You need to agree to share your contact information to access this model

This repository is publicly accessible, but you have to accept the conditions to access its files and content.

Log in or Sign Up to review the conditions and access this model content.

Teacher Model: Vision-Language Model for Transliteration of Modi Script to Devanagari

Introduction

This repository hosts the official teacher model weights as described in the paper:

Historic Scripts to Modern Vision: A Novel Dataset and A VLM Framework for Transliteration of Modi Script to Devanagari
Paper Link (Springer LNCS)
Accepted at ICDAR 2025

Our model introduces a novel Vision-Language framework, leveraging the gemma-3-12b-it base, to automatically transliterate the historic Modi script into modern Devanagari, supporting research and digital preservation of rare manuscripts.


Model Description

  • Architecture: Vision-Language Model (VLM) based on gemma-3-12b-it
  • Task: End-to-end transliteration of scanned Modi script images into Devanagari text.
  • Teacher Model: This release contains the weights of the teacher model used for training and evaluation in the referenced paper.
  • Dataset: Fine-tuned and evaluated on the MoDeTrans and SynthMoDe datasets, introduced in the paper.

Installation

pip3 install pillow
pip3 install torch torchvision
pip3 install transformers peft accelerate

How to Use

from transformers import AutoProcessor, AutoModelForImageTextToText, AutoConfig
from PIL import Image
import torch
import torch.nn.functional as F
from peft import PeftModel 

device = "cuda:0"
model_id = "google/gemma-3-12b-it"
peft_model_path = "historyHulk/ModiTrans-12B-Gemma-Teacher"

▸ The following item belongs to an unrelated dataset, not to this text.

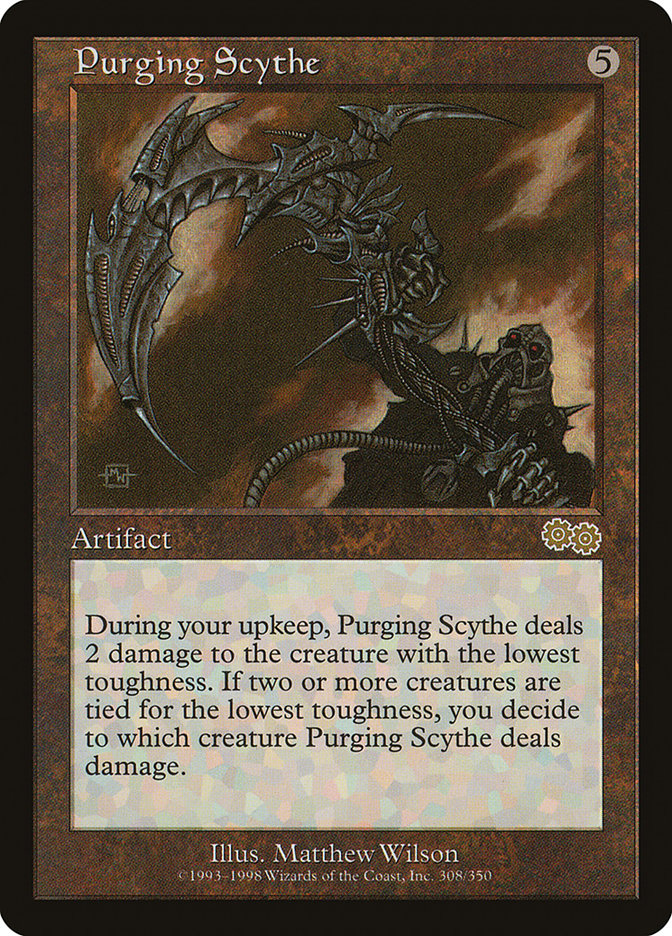 Purging Scythe [Urza's Saga] | Good Games Cannington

model = AutoModelForImageTextToText.from_pretrained(
    model_id,
    torch_dtype=torch.bfloat16,
    device_map=device
)

model = PeftModel.from_pretrained(
    model,
    peft_model_path,
    device_map=device,
    torch_dtype=torch.bfloat16
)

image = Image.open("<Modi Script Image Preprocessed as in Dataset>").convert("RGB").resize((1024,512))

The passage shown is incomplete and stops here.